The last week has featured frantic post-election efforts by the Greek political parties to form a governing coalition.
First up was Antonis Samaras of the New Democracy. His failure to create a governing coalition was followed by that of the new heavyweight on the political scene, Alexis Tsipras and SYRIZA – the anti-austerity left wing coalition that came second in the election.
Socialist leader Evangelos Venizelos, whose PASOK party finished a humbling third in Sunday’s election was also unable to form a governing coalition.
Currently, Greece’s President, Karolos Papoulias, is making a last-ditch effort over the weekend to form a national government, but this too, looks destined to fail.

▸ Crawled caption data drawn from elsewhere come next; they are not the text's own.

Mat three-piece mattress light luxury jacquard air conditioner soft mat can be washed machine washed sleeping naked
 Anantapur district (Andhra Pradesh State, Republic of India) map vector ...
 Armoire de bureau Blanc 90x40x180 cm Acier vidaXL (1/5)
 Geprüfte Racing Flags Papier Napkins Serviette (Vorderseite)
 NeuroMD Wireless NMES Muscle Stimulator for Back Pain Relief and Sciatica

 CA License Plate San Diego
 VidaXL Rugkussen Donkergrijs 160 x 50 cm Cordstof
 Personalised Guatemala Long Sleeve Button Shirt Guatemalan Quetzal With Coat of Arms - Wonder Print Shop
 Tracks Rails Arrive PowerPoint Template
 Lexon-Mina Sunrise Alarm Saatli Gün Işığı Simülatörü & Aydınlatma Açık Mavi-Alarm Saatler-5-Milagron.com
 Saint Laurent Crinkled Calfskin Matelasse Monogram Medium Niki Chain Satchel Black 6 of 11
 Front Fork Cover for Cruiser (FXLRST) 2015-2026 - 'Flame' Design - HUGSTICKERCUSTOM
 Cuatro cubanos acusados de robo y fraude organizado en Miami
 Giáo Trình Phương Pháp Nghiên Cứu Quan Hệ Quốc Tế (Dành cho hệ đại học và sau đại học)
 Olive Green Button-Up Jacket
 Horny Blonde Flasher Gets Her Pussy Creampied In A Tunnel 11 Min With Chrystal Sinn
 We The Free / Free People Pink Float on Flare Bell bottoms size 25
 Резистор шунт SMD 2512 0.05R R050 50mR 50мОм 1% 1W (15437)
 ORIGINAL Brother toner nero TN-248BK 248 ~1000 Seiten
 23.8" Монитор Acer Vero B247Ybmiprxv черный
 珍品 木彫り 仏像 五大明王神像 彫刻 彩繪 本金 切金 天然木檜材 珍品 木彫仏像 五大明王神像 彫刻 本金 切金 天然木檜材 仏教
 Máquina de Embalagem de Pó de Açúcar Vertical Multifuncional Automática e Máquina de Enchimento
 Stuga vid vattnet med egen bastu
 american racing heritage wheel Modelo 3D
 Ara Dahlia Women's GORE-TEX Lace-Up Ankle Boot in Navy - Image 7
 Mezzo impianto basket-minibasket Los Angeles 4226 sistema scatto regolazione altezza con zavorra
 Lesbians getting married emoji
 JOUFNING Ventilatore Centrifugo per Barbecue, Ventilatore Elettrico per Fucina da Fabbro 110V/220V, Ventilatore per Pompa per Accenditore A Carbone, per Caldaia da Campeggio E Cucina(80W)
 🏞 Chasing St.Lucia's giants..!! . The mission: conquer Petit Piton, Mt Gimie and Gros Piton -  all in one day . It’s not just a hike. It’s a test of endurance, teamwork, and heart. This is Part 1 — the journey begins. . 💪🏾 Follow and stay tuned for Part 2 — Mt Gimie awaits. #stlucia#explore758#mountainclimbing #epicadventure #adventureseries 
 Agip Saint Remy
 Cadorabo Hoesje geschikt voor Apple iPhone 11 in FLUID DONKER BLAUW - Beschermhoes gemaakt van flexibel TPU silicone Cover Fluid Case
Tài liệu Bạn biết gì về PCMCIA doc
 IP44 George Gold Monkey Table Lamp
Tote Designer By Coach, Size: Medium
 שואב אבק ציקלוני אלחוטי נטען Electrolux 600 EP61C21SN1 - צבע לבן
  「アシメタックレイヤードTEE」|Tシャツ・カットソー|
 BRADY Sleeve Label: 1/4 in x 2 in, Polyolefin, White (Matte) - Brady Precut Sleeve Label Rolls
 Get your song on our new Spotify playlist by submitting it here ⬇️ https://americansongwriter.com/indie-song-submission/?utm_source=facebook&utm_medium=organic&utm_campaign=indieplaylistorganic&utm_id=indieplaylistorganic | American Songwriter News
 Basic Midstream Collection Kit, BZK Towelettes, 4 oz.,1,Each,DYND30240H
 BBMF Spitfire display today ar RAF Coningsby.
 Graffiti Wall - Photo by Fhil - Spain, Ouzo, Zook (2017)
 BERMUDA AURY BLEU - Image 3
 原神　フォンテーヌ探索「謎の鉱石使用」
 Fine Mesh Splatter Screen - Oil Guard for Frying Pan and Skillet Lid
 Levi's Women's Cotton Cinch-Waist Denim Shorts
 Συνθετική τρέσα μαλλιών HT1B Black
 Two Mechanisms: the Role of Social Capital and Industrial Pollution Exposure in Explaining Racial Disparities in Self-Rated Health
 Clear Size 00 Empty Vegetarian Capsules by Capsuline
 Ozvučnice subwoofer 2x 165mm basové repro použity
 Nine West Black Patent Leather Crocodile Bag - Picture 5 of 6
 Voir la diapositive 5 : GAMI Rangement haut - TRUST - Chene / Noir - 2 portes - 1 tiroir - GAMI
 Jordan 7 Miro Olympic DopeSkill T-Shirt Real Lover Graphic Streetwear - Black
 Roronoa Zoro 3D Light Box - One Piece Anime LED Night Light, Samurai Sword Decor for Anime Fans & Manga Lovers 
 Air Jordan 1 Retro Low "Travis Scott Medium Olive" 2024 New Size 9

Greece will therefore likely have a new election in one month that will result in SYRIZA gaining even more seats in parliament.
The polls show that an overwhelming majority(78.1%) of Greeks reject the bailout but want to keep the euro.
In other words, Greeks want to eat their cake (keep their spending and inefficiencies) and have it too (the Euro).
The truth is that Greece will almost certainly exit the Euro – an inevitability the EU is finally beginning to recognize. At a certain point, they cannot keep throwing good money after bad.
Even if Greece’s parties agree to continue the pain of austerity (which they won’t), their debt to GDP ration may still be north of an unsustainable 160% later this year.
Europe is therefore facing an immediate dilemma, which is managing Greece’s exit from the Eurozone. They also face a future dilemma, namely the apparent futility of austerity, which seems to send countries like Greece and Spain into a downward death spiral.
It will soon be; welcome, New Drachma, bye-bye Euro.